Your objective: Return each entry word for word, without its pictures.

Entries shown:

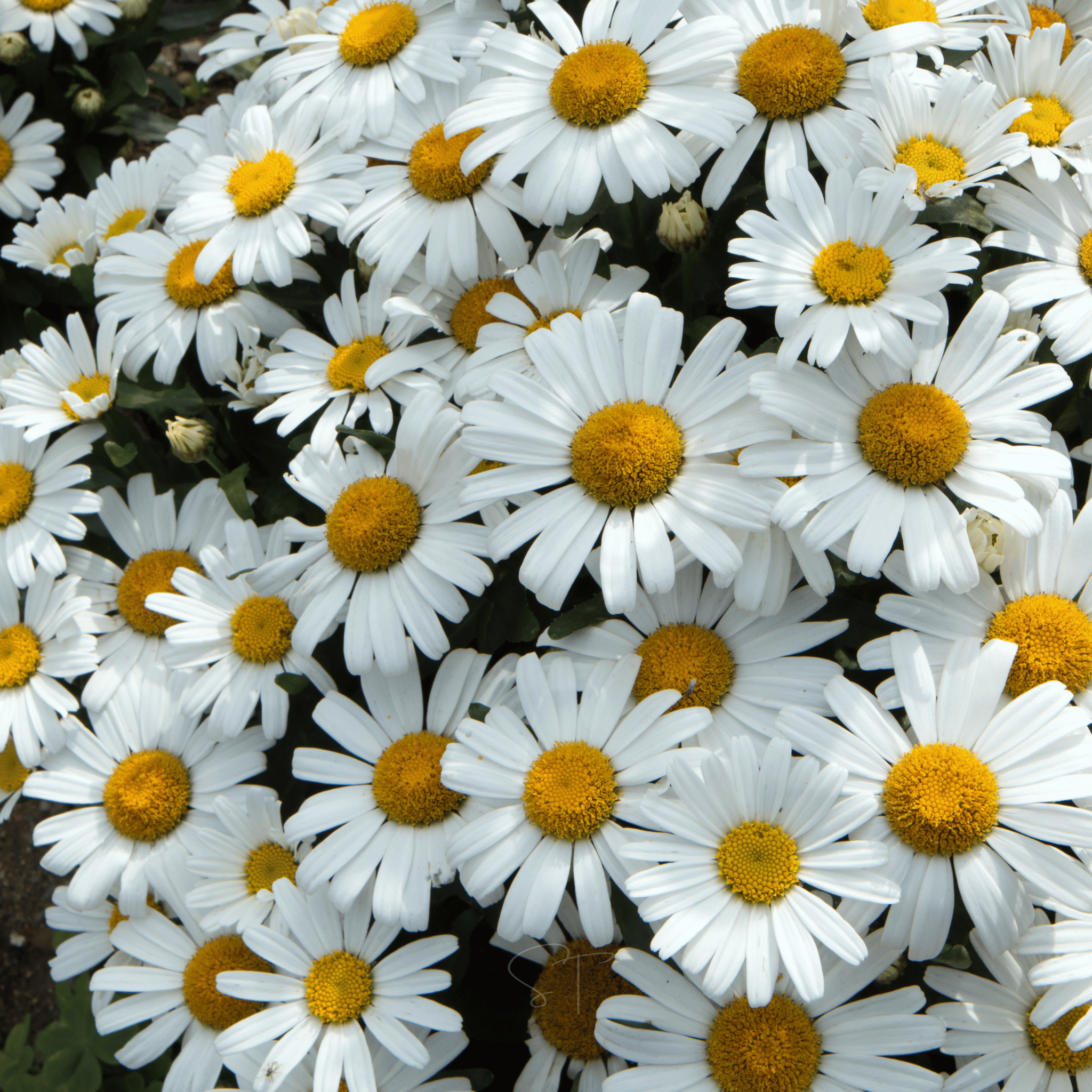 Alaska Shasta Daisy – 100 Seeds Southern Seeds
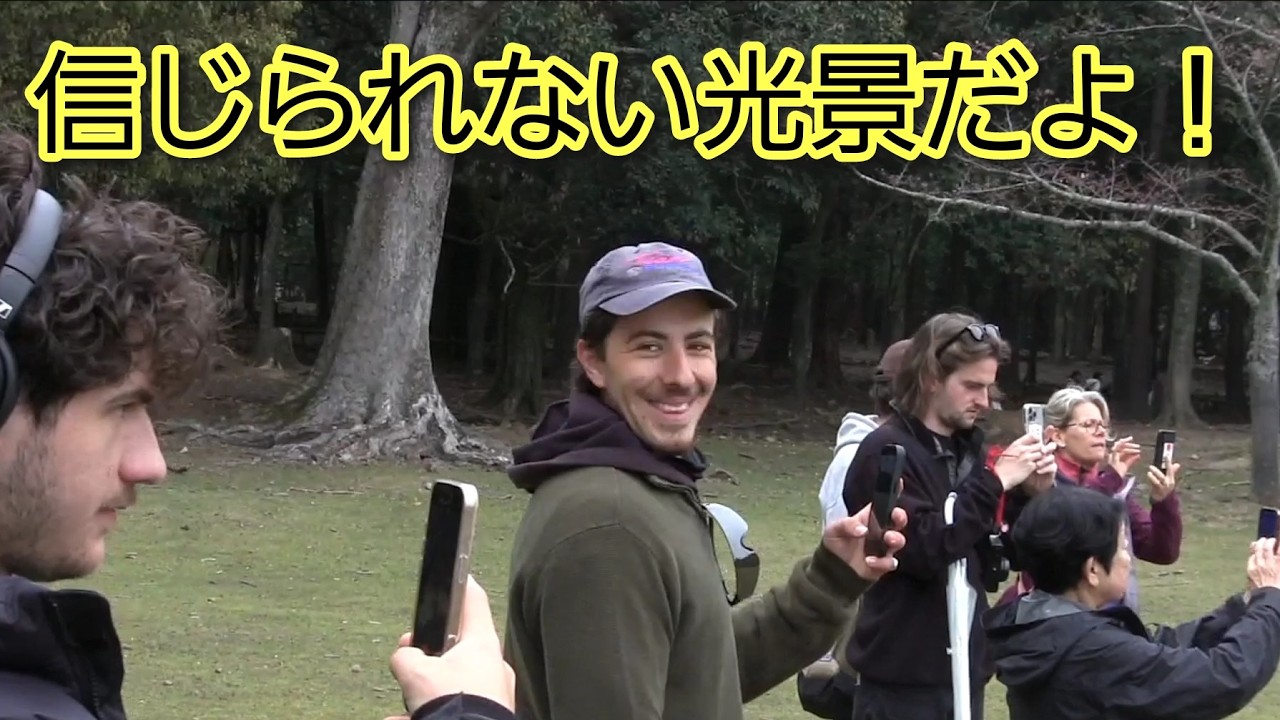 信じられない光景だよ！外国人観光客が奈良で行われる特別な行事に目を丸くする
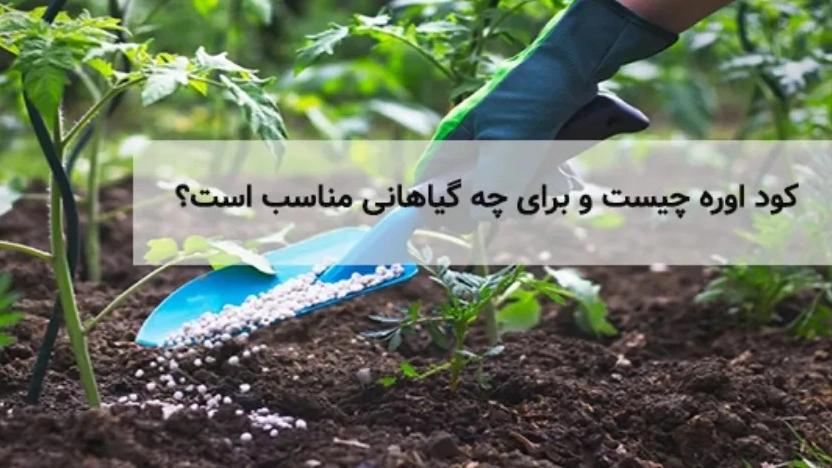 کود اوره برای چه گیاهانی مناسب است؟
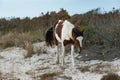 A piebald wild pony grazes on Assateague Island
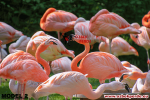 Flamingo Baskılı Halı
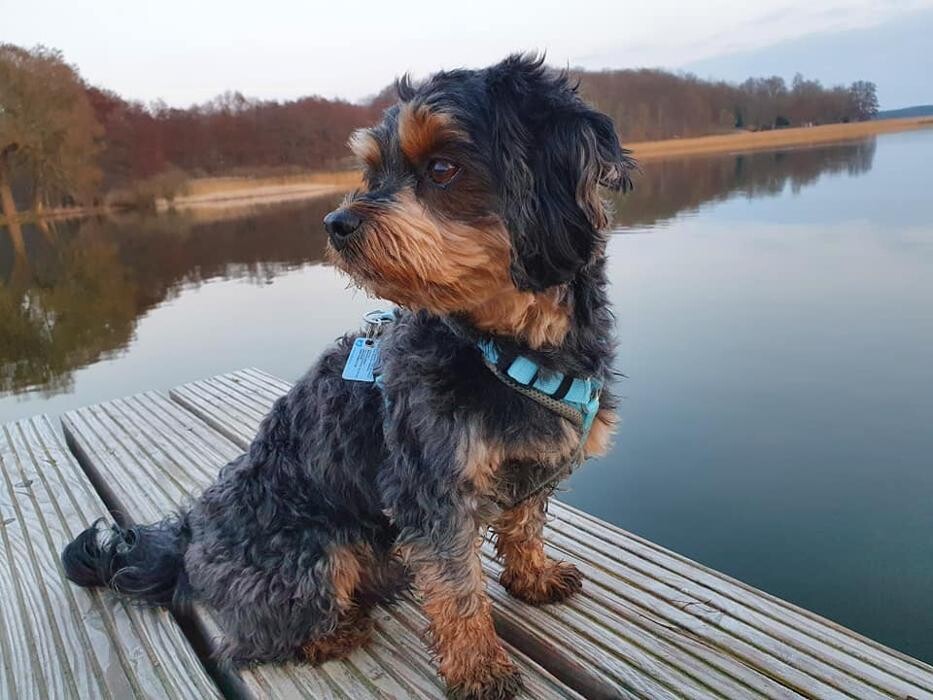 Bilder Hundeschule CaniSpirit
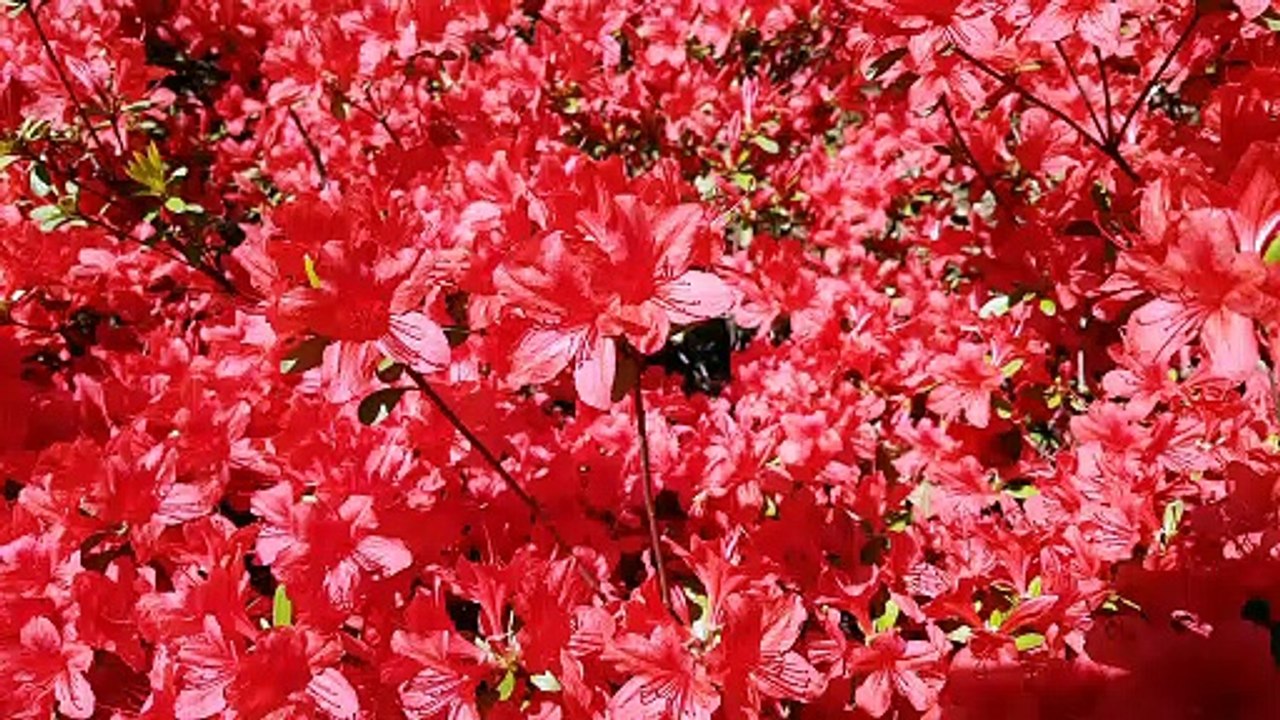 red_flower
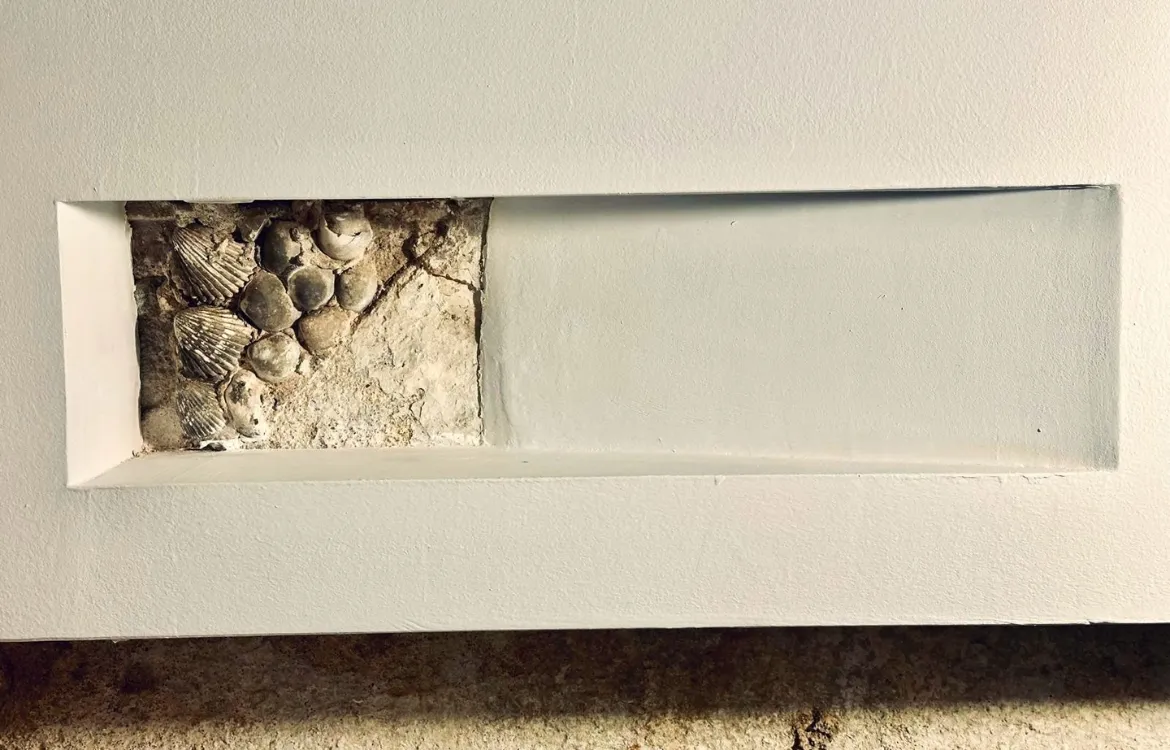 Despatx Ral 64 Aqruitectura, ral64 arquitectura i urbanisme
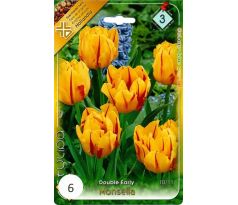 Tulipa Double Early - Monsella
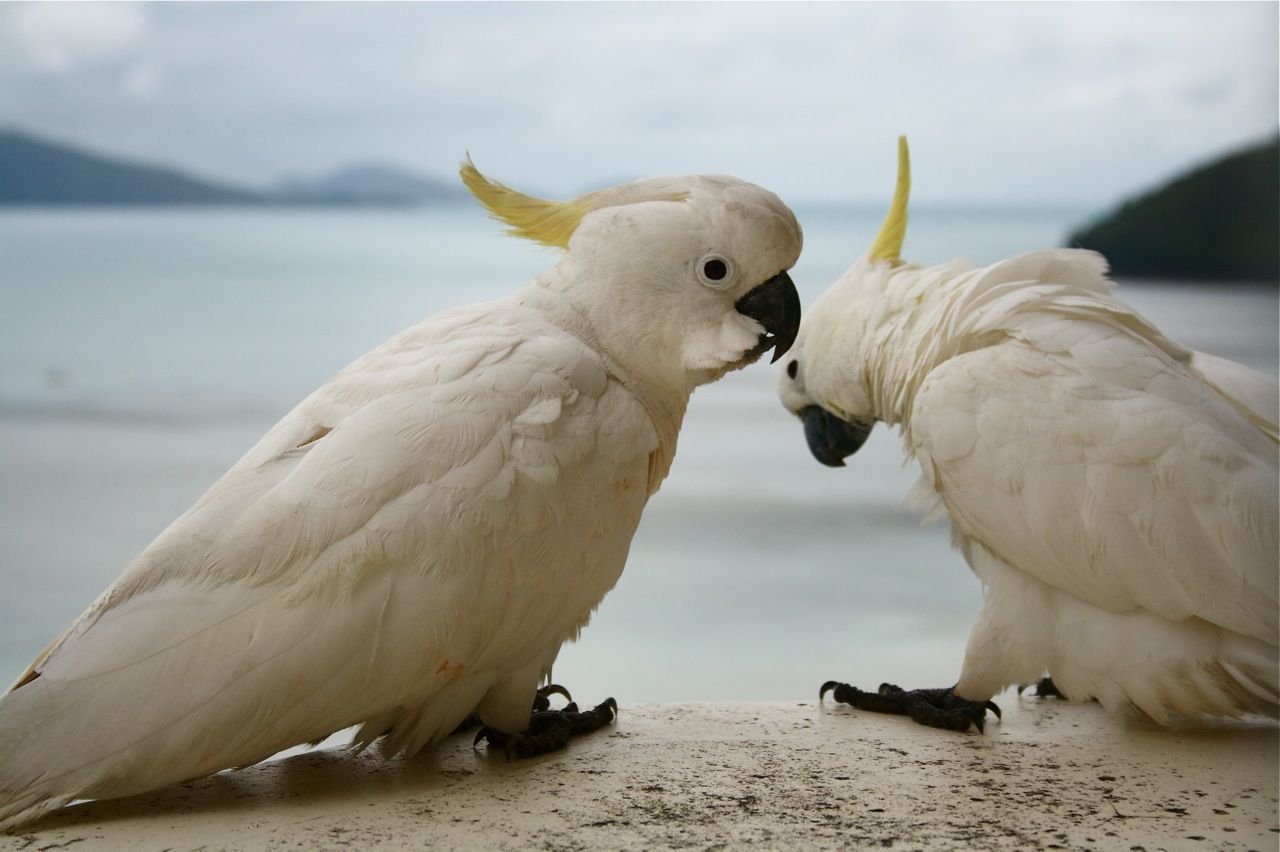 birbiri ile zaman geçiren bir çift papağan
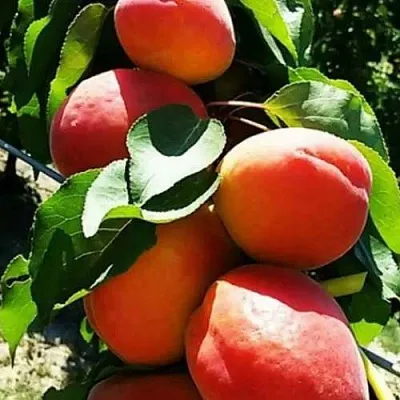 Абрикос ДЖУМБО КОТ  Абрикос ДЖУМБО КОТ в Туле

Exercise result:
 Alaska Shasta Daisy – 100 Seeds Southern Seeds
 信じられない光景だよ！外国人観光客が奈良で行われる特別な行事に目を丸くする
 کود اوره برای چه گیاهانی مناسب است؟
 A piebald wild pony grazes on Assateague Island
 Flamingo Baskılı Halı
 Bilder Hundeschule CaniSpirit
 red_flower
 Despatx Ral 64 Aqruitectura, ral64 arquitectura i urbanisme
 Tulipa Double Early - Monsella
 birbiri ile zaman geçiren bir çift papağan
 Абрикос ДЖУМБО КОТ  Абрикос ДЖУМБО КОТ в Туле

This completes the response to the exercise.